- [Brief]
Quote the data below in full, minus the images.

***** Exercise data *****

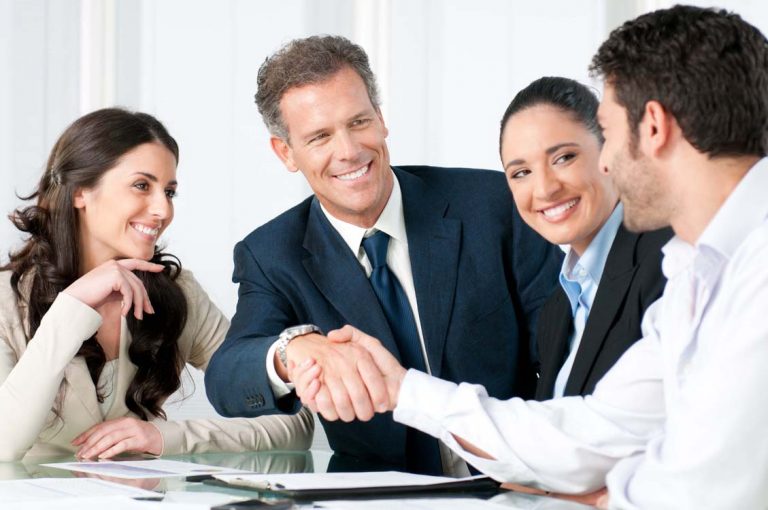 Two professionals shaking hands in a business setting, representing partnership and agreement.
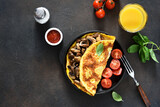 Fototapeta  - Omelet with mushrooms and tomatoes for breakfast with orange sticks on a concrete background.
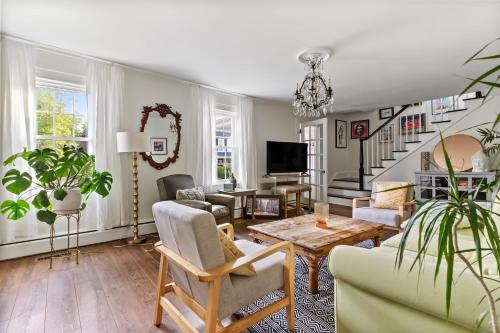 a living room with a couch and a table at Historic Downtown Berlin Home Dog Friendly Home in Berlin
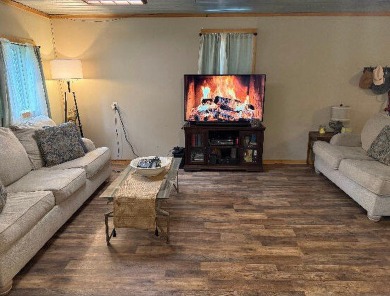Welcome to this charming 2-bedroom, 1-bath getaway, perfectly on The Loon Golf Resort in Michigan - for sale on GolfHomes.com, golf home, golf lot
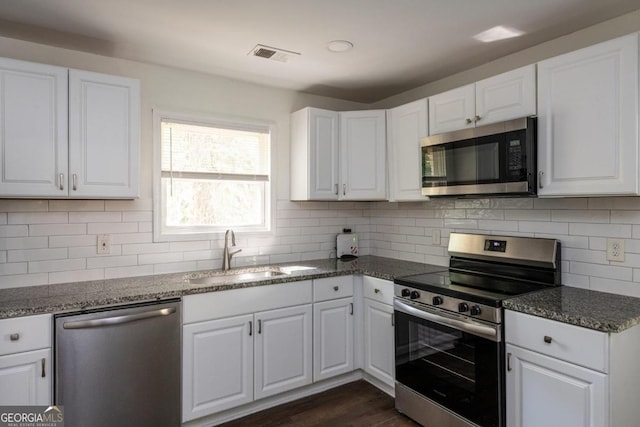 kitchen featuring sink, white cabinetry, stainless steel appliances, dark stone counters, and decorative backsplash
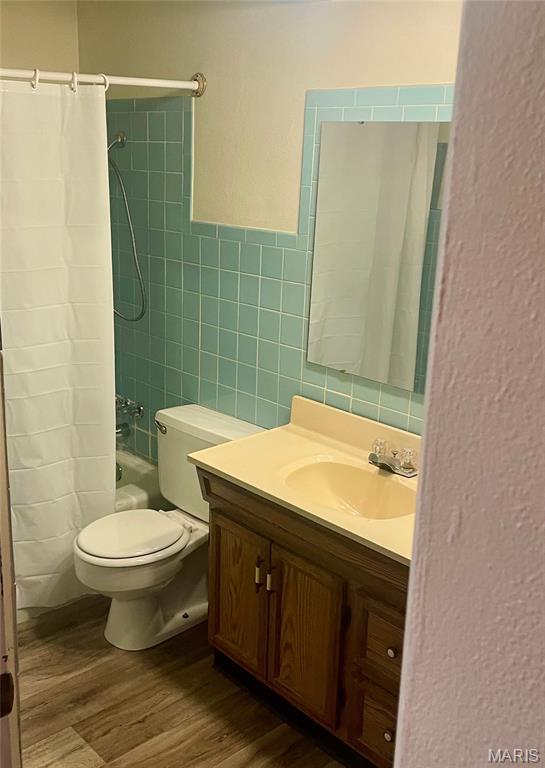 76 Cheshire Dr, Belleville, IL 62223 - full bathroom featuring wood finished floors, vanity, tile walls, shower / tub combo with curtain, and a wainscoted wall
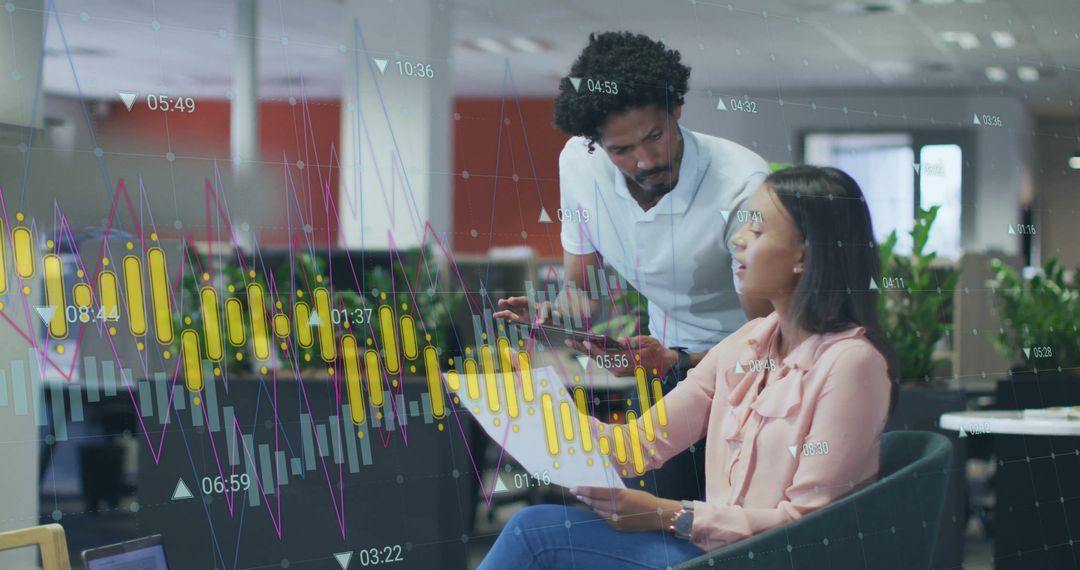 Colleagues Analyzing Data Charts in Modern Office Environment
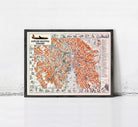 The image is a framed vintage map of Prague, Czech Republic, depicting the city's streets and landmarks in an orange and black color scheme.
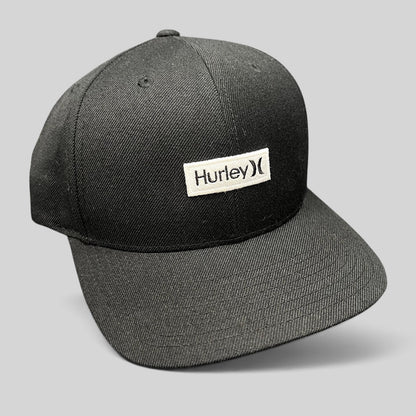 Raree Finds black Hurley snapback hat with a woven logo patch on a structured Yupoong The Classics crown.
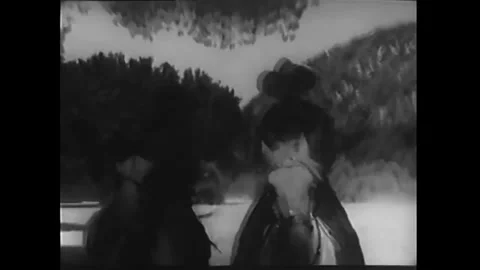 US - 1942 - in this western, a man posing as a corrupt investigator holds Stock Footage 340591160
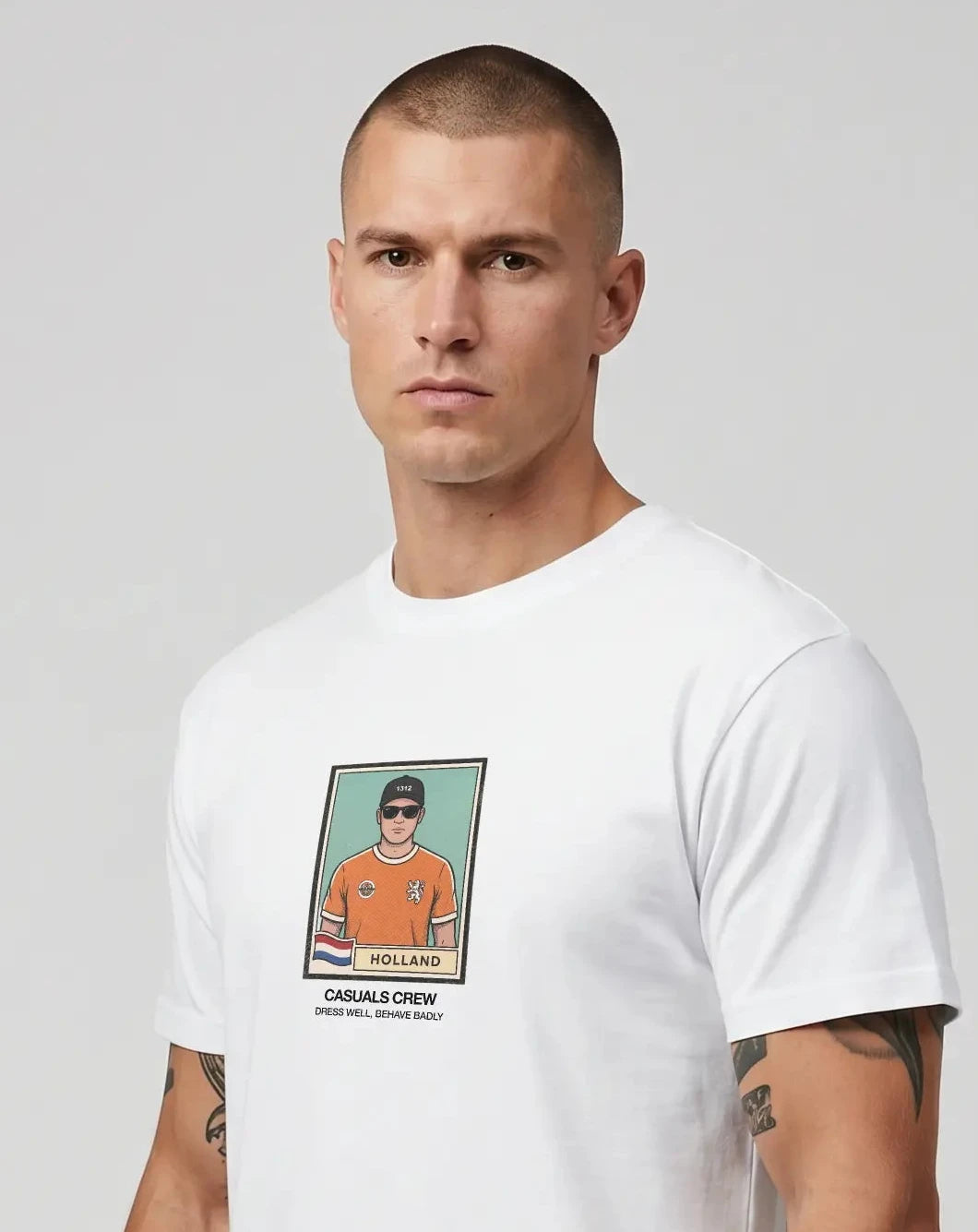 casuals ultras Man wearing a white Holland World Cup  t-shirt with a graphic design on a gray background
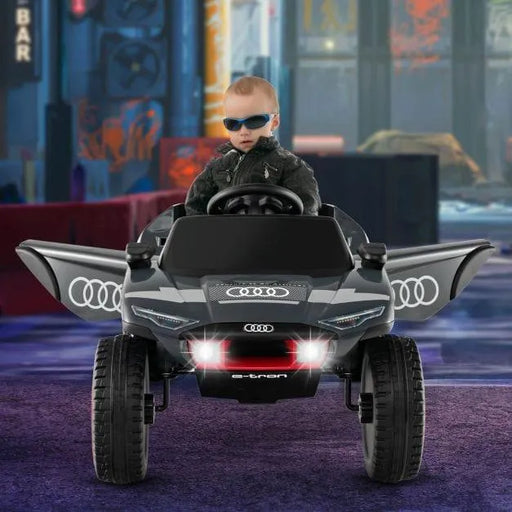 Child in sunglasses drives 12V Audi e-tron kids electric ride-on car with lights and open doors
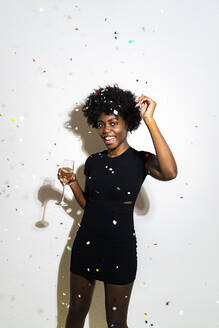 Konfetti fällt auf glückliche Frau tanzen mit Champagner-Flöte, während stehend gegen weißen Hintergrund - GIOF11387
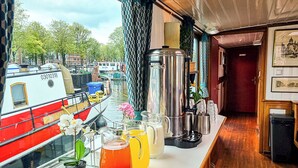 A bar area with a view of boats and a cityscape.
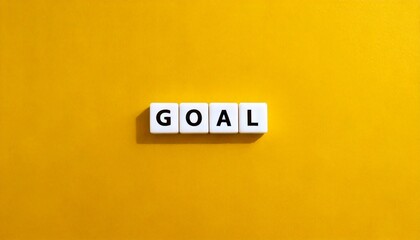 Obraz premium Goal word banner letter tiles on yellow background isolated modern simple aesthetics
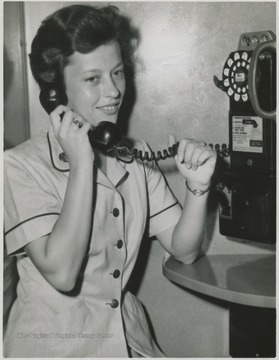 Dick pictured on the telephone. She was a member of the Women's Army Corps (WAC).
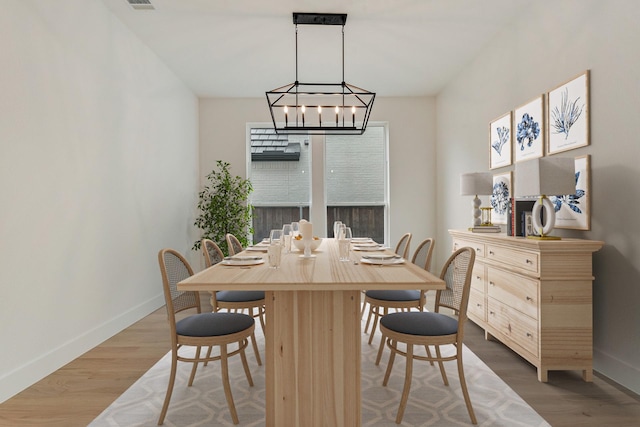 dining area featuring a notable chandelier and hardwood / wood-style flooring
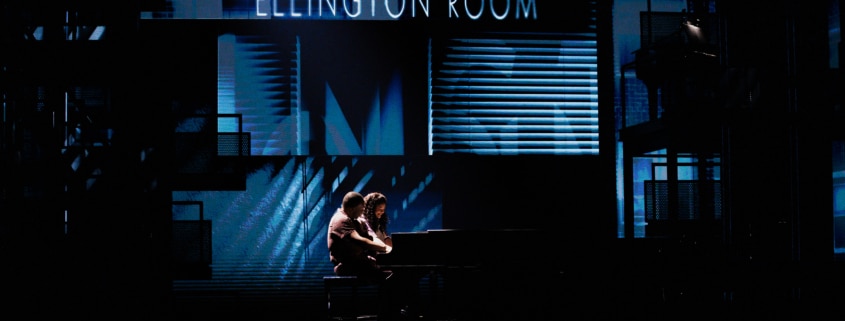 Theatrical stage performance with two performers at a piano in a dimly lit scene featuring a backdrop labeled ‘Ellington Room’.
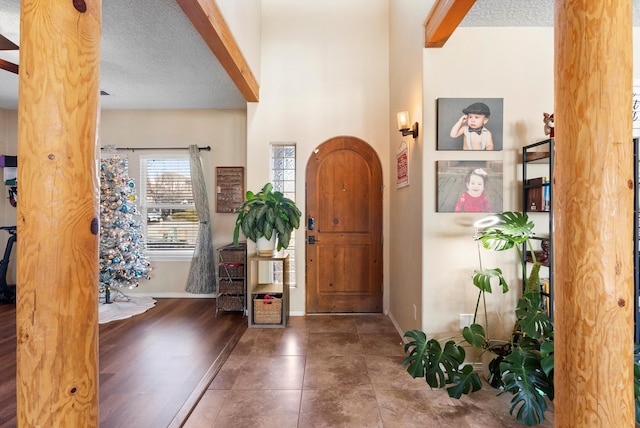 foyer with ornate columns, tile patterned floors, baseboards, and a textured ceiling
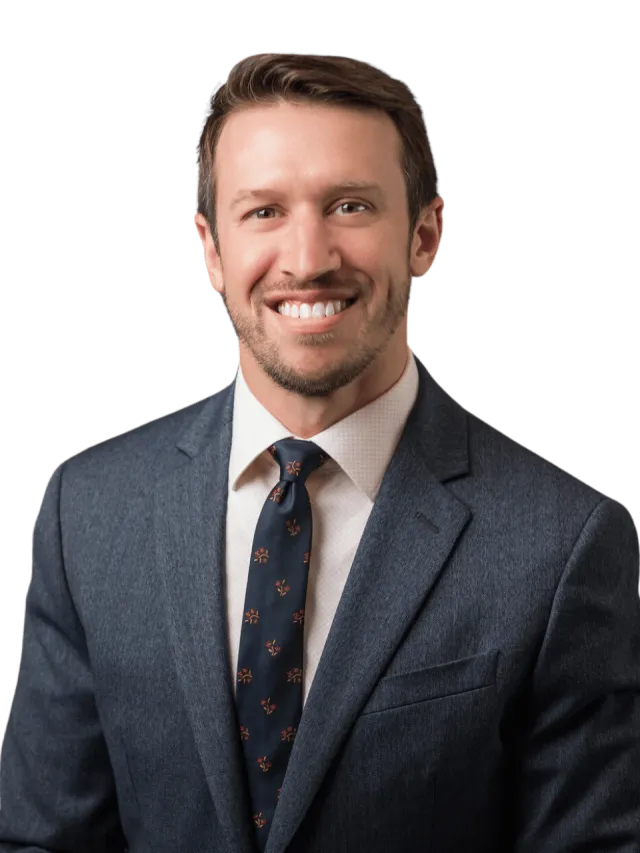 a man in a suit smiling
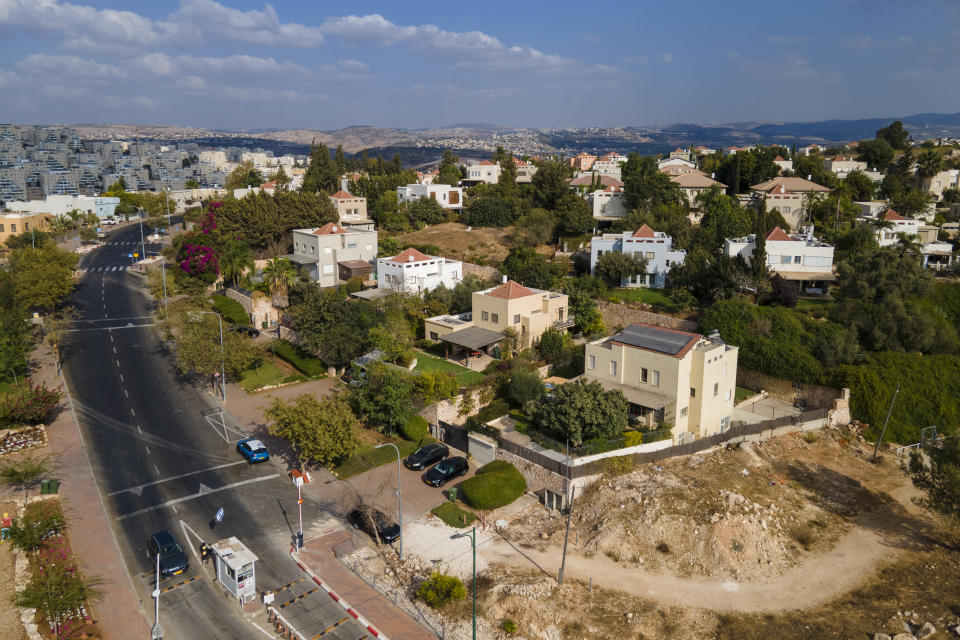 A view of the entrance to the West Bank settlement of Kfar HaOranim, where Maj. Gen. Hertzi Halev lives in, Thursday, Oct. 20, 2022. For the first time, a Jewish West Bank settler is set to take the reigns as chief of staff of Israel's military, the enforcer of the country's 55-year-old military occupation. Halevi’s rise caps the decades-long transformation of the settler movement from a small group of religious ideologues to a diverse and influential force at the heart of the Israeli mainstream. (AP Photo/Ariel Schalit)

*****

- [Expected answer]
 Two professionals shaking hands in a business setting, representing partnership and agreement.
 Fototapeta  - Omelet with mushrooms and tomatoes for breakfast with orange sticks on a concrete background.
 a living room with a couch and a table at Historic Downtown Berlin Home Dog Friendly Home in Berlin
Welcome to this charming 2-bedroom, 1-bath getaway, perfectly on The Loon Golf Resort in Michigan - for sale on GolfHomes.com, golf home, golf lot
 kitchen featuring sink, white cabinetry, stainless steel appliances, dark stone counters, and decorative backsplash
 76 Cheshire Dr, Belleville, IL 62223 - full bathroom featuring wood finished floors, vanity, tile walls, shower / tub combo with curtain, and a wainscoted wall
 Colleagues Analyzing Data Charts in Modern Office Environment
 The image is a framed vintage map of Prague, Czech Republic, depicting the city's streets and landmarks in an orange and black color scheme.
 Raree Finds black Hurley snapback hat with a woven logo patch on a structured Yupoong The Classics crown.
 US - 1942 - in this western, a man posing as a corrupt investigator holds Stock Footage 340591160
 casuals ultras Man wearing a white Holland World Cup  t-shirt with a graphic design on a gray background
 Child in sunglasses drives 12V Audi e-tron kids electric ride-on car with lights and open doors
 Konfetti fällt auf glückliche Frau tanzen mit Champagner-Flöte, während stehend gegen weißen Hintergrund - GIOF11387
 A bar area with a view of boats and a cityscape.
 Obraz premium Goal word banner letter tiles on yellow background isolated modern simple aesthetics
 Dick pictured on the telephone. She was a member of the Women's Army Corps (WAC).
 dining area featuring a notable chandelier and hardwood / wood-style flooring
 Theatrical stage performance with two performers at a piano in a dimly lit scene featuring a backdrop labeled ‘Ellington Room’.
 foyer with ornate columns, tile patterned floors, baseboards, and a textured ceiling
 a man in a suit smiling
 A view of the entrance to the West Bank settlement of Kfar HaOranim, where Maj. Gen. Hertzi Halev lives in, Thursday, Oct. 20, 2022. For the first time, a Jewish West Bank settler is set to take the reigns as chief of staff of Israel's military, the enforcer of the country's 55-year-old military occupation. Halevi’s rise caps the decades-long transformation of the settler movement from a small group of religious ideologues to a diverse and influential force at the heart of the Israeli mainstream. (AP Photo/Ariel Schalit)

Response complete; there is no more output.